What is needed: From the first line to the last, write out the material exactly.

::::::

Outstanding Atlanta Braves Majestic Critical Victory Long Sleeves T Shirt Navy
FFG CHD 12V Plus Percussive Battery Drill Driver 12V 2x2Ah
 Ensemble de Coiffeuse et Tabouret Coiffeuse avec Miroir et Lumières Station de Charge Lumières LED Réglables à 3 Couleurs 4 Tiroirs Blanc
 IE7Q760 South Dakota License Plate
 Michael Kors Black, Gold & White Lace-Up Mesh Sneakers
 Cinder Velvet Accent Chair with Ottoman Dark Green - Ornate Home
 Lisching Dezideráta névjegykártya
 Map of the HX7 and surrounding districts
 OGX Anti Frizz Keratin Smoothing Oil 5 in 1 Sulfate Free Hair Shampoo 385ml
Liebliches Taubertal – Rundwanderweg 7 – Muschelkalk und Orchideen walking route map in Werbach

::::::

Written response:
Outstanding Atlanta Braves Majestic Critical Victory Long Sleeves T Shirt Navy
FFG CHD 12V Plus Percussive Battery Drill Driver 12V 2x2Ah
 Ensemble de Coiffeuse et Tabouret Coiffeuse avec Miroir et Lumières Station de Charge Lumières LED Réglables à 3 Couleurs 4 Tiroirs Blanc
 IE7Q760 South Dakota License Plate
 Michael Kors Black, Gold & White Lace-Up Mesh Sneakers
 Cinder Velvet Accent Chair with Ottoman Dark Green - Ornate Home
 Lisching Dezideráta névjegykártya
 Map of the HX7 and surrounding districts
 OGX Anti Frizz Keratin Smoothing Oil 5 in 1 Sulfate Free Hair Shampoo 385ml
Liebliches Taubertal – Rundwanderweg 7 – Muschelkalk und Orchideen walking route map in Werbach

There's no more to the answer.